Chwynyn Vaughan is looking forward to one day welcoming Canadian customers to her already popular Point Roberts’ roadside business.
It was back in August when the avid gardener decided to take her passion a step further and start selling plants, cut flowers, produce and her homemade organic products. Living in an isolated community amid the COVID-19 pandemic, there was certainly plenty of time to do it.
Her husband spent a weekend filling in the ditch that fronted their family home. The additional space allowed for the “Garden Stand” to be built and it opened for business the following day. The response was more than she ever could have imagined.
“You don’t think much is going to happen because we have such a small population but it was amazing. Streams of people started coming,” said Vaughan, a mother of two. “It was always in the back of my mind (to do this) then with the pandemic I suddenly had more time. I wasn’t running my kids to classes. We were all at home all the time together and I felt like as a family, we were working more as a unit.”
A steady flow of business resulted in the Garden Stand being open seven days a week well into October when then the changing of the seasons meant Vaughan no longer could sell her very popular flower bouquets.
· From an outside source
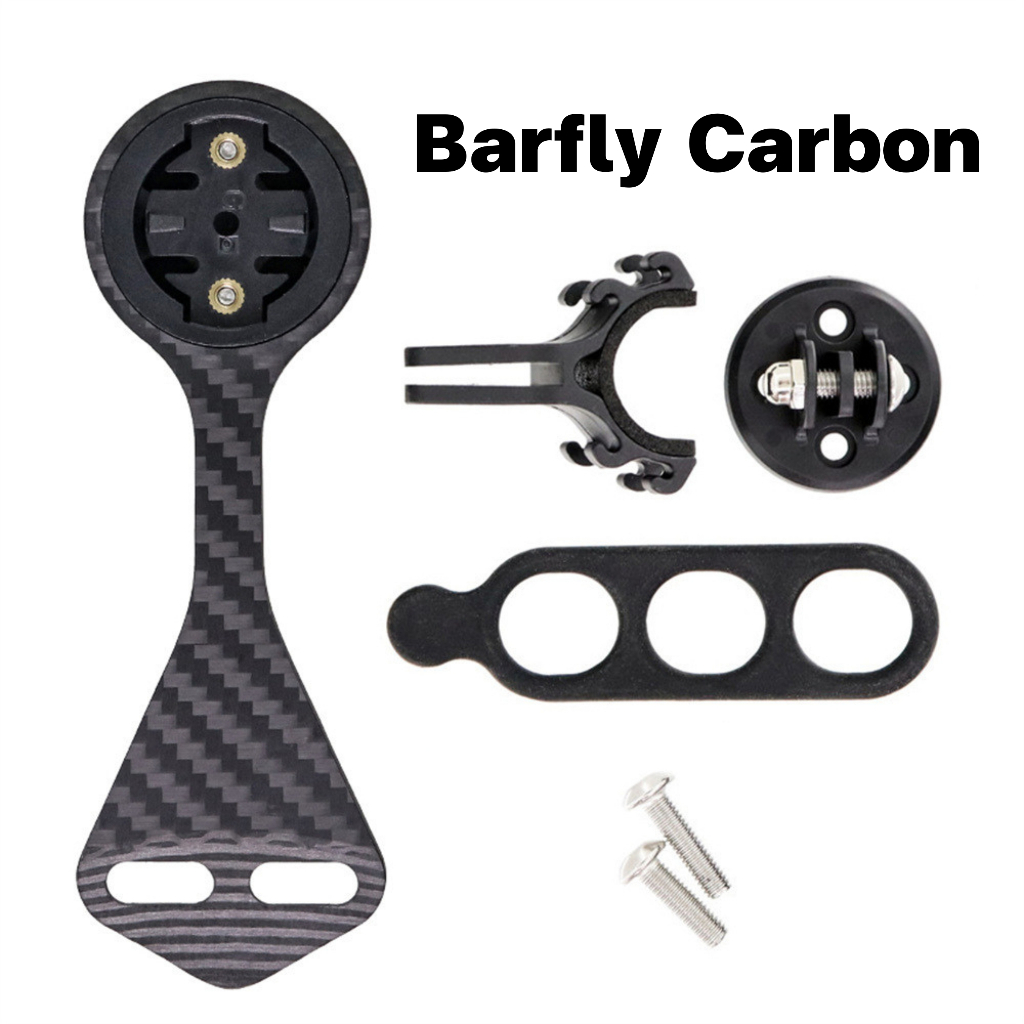Barfly Carbon ใช้ได้กับแฮนด์อินทิเกรตทุกรุ่น มีที่ยึดติดกล้อง ไมล์ ไฟ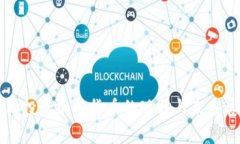 机构投资加密货币的现状与未来展望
She then turned to making holiday wreaths for Thanksgiving and Christmas that also proved to be a hit.
She takes orders on her Instagram page and recently launched an e-commerce site through the Etsy platform to sell balms, moisturizers, soaps and tinctures, all made with wild local plants and organic plants from her garden.
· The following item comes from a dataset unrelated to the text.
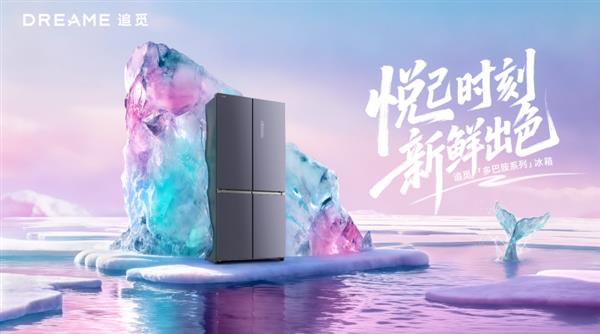 情绪系统”设计破局 带起高端家电新浪潮AG真人中国从功能到情感：追觅冰箱以“(图2)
The Garden Stand re-opened last weekend with a plant sale that promptly sold out with many reserved in advance.
“Locals responded and embraced my small business and I made new friends. I have developed meaningful relationships with community members who have become loyal customers,” continued Vaughan. “I am very much looking forward to the time when we can welcome Canadians, especially those from Delta, back across the border and into our town. Prior to the border shut down, I saw Tsawwassen and Ladner as extensions of my own community and I have many friends in these places whom I miss spending time with.”
Vaughan and her husband moved to Point Roberts from Los Angeles six years ago. She has dual citizenship, having spent part of her life in East Vancouver, and her husband is a professional artist, originally from Montreal.
“We knew we always wanted to come back to this area and my son was about to start kindergarten and it’s just a different culture (in LA). We looked at North Vancouver and Bowen Island but Point Roberts just seemed like a great option as I like the rural life. We love it here,” she says.